Instructions for the task:
Make an exact copy of the entries below and leave any picture out of it.

Task material:
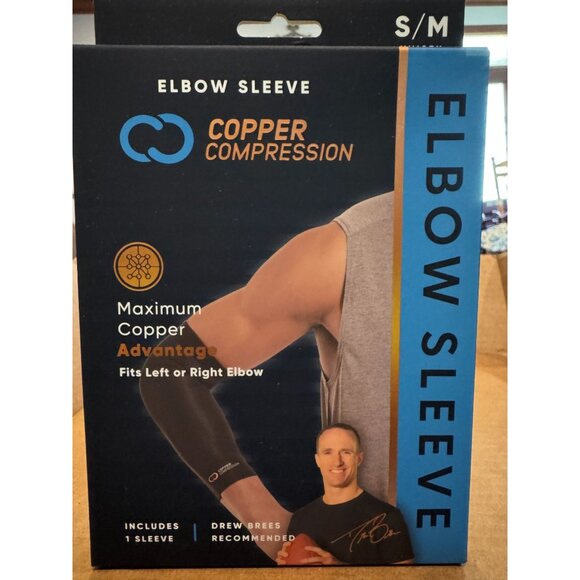 Copper Compression Elbow Sleeve Size M Fits R or L elbow - Picture 1 of 3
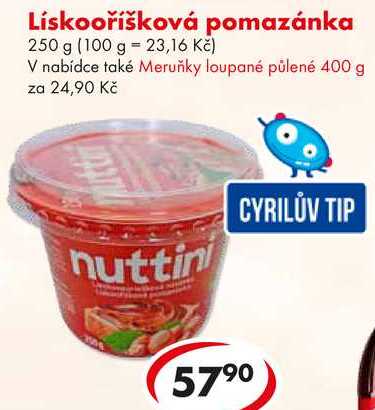 Lískooříšková pomazánka, 250 g 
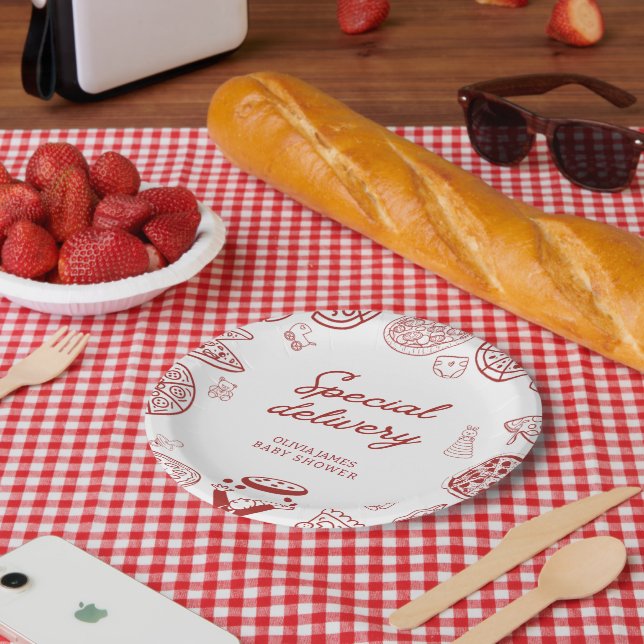 Fantastische Pizzeria Baby Dusche Pappteller (Picknick)
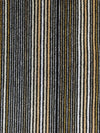 Aldeco Pinstripe Velvet York Gold Fabric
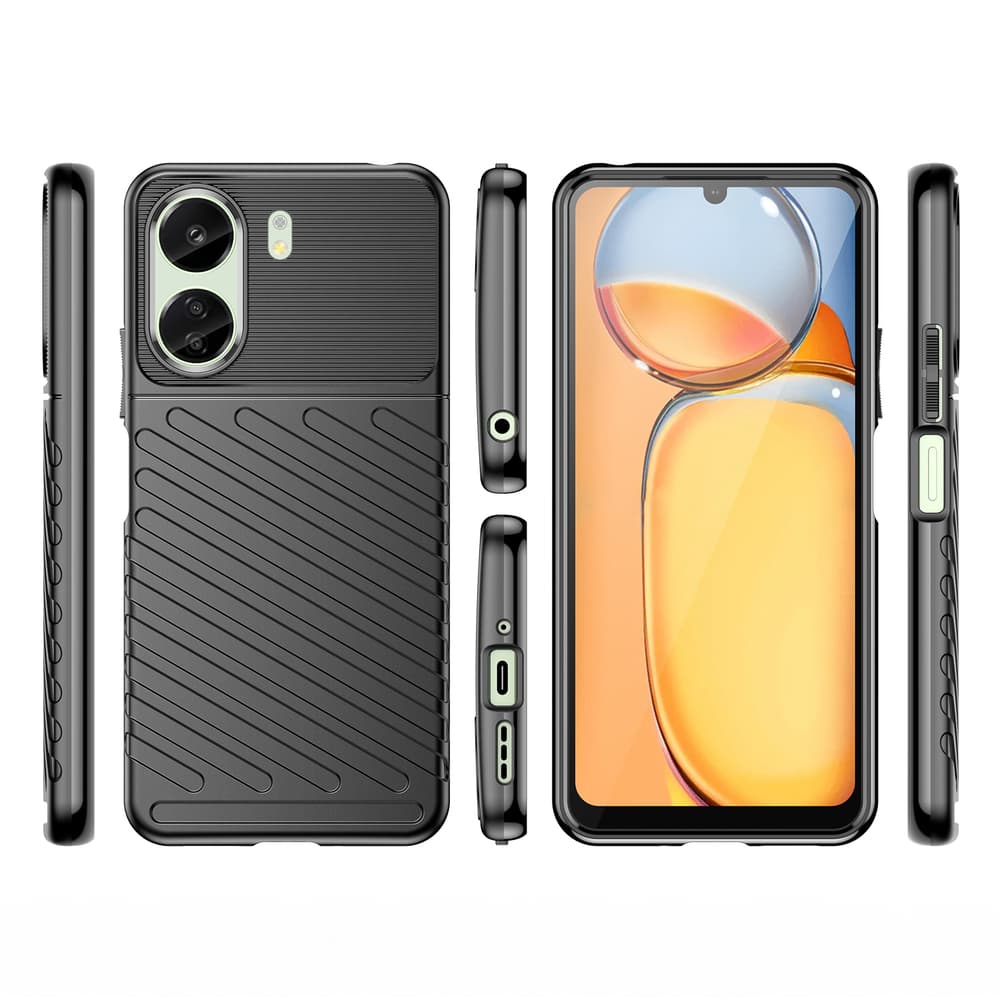 Thunder Case oklepni ovitek za Xiaomi Redmi 13c - črn 6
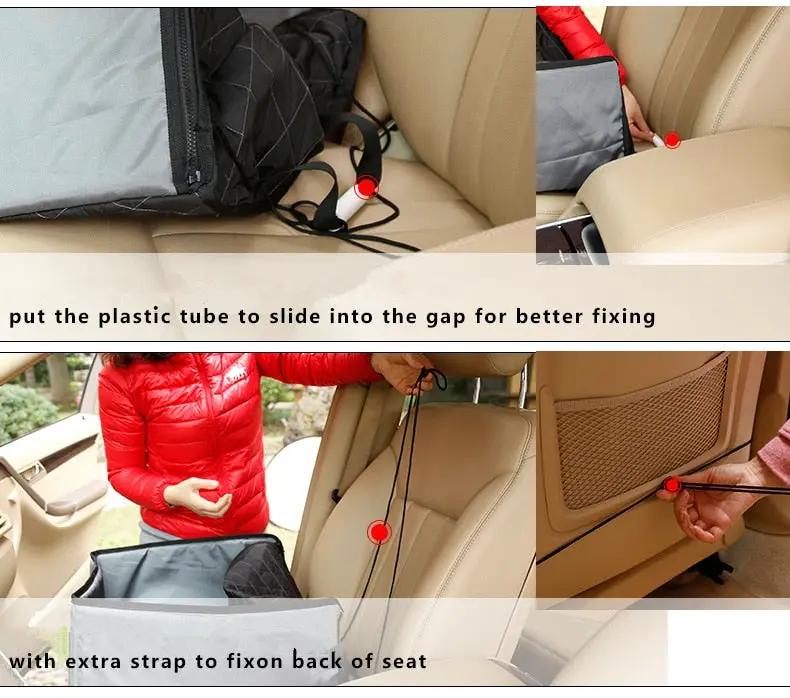 Pet Dog Car Seat Cover Protector Waterproof Vehicle Pet Mat Blanket Foldable Pet Dog Car Carrier Basket Safety Single Seat Bag by eprolo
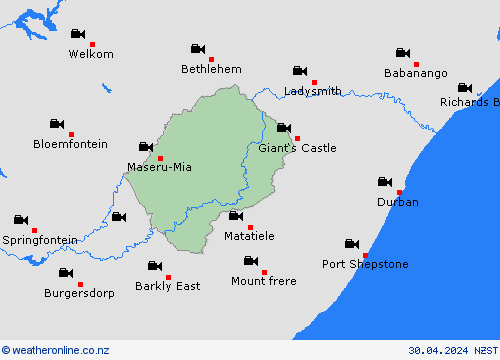 webcam Lesotho Africa Forecast maps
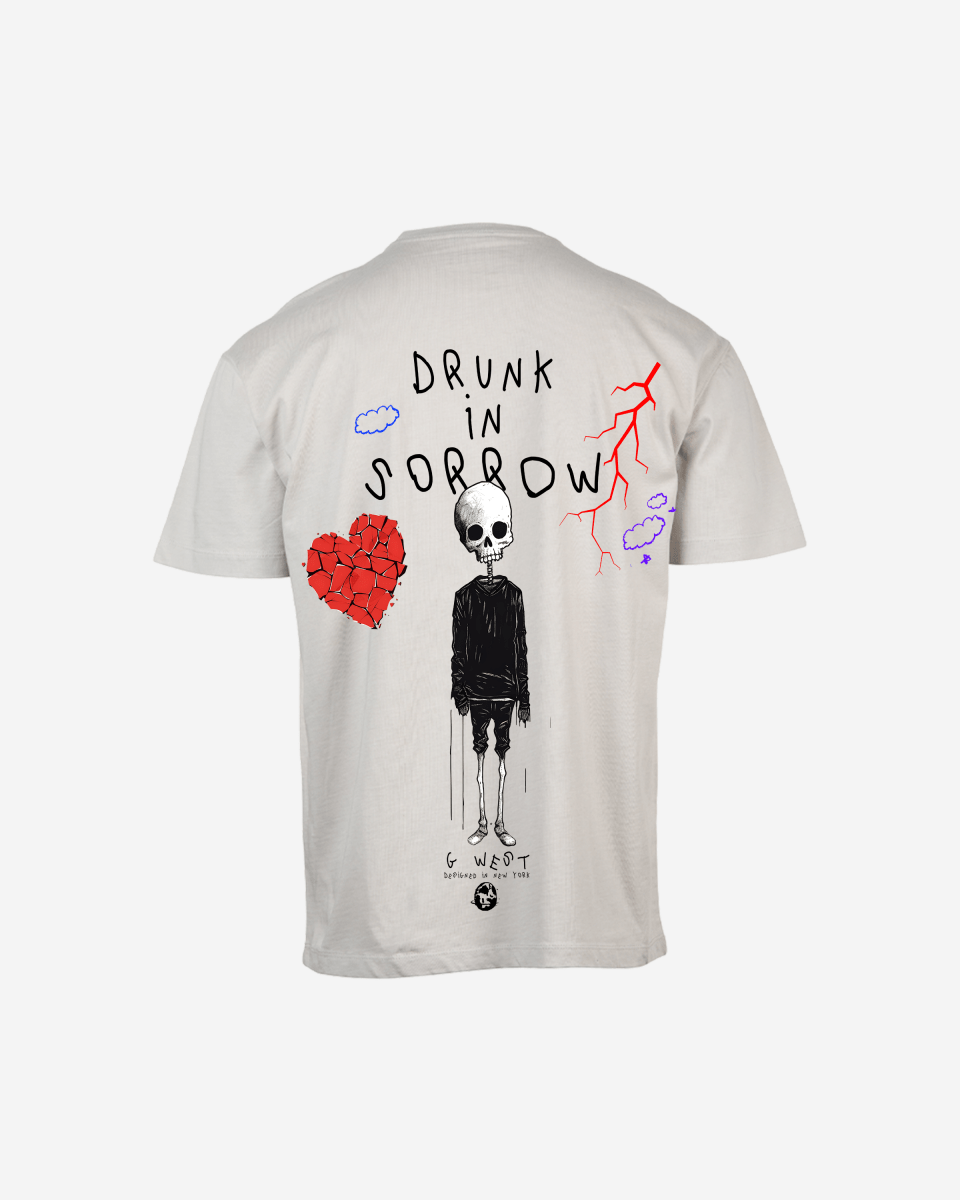 G West Oversized Drunk In Sorrow T-Shirt Mens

Response area:
 Copper Compression Elbow Sleeve Size M Fits R or L elbow - Picture 1 of 3
 Lískooříšková pomazánka, 250 g 
 Fantastische Pizzeria Baby Dusche Pappteller (Picknick)
 Aldeco Pinstripe Velvet York Gold Fabric
 Thunder Case oklepni ovitek za Xiaomi Redmi 13c - črn 6
 Pet Dog Car Seat Cover Protector Waterproof Vehicle Pet Mat Blanket Foldable Pet Dog Car Carrier Basket Safety Single Seat Bag by eprolo
 webcam Lesotho Africa Forecast maps
 G West Oversized Drunk In Sorrow T-Shirt Mens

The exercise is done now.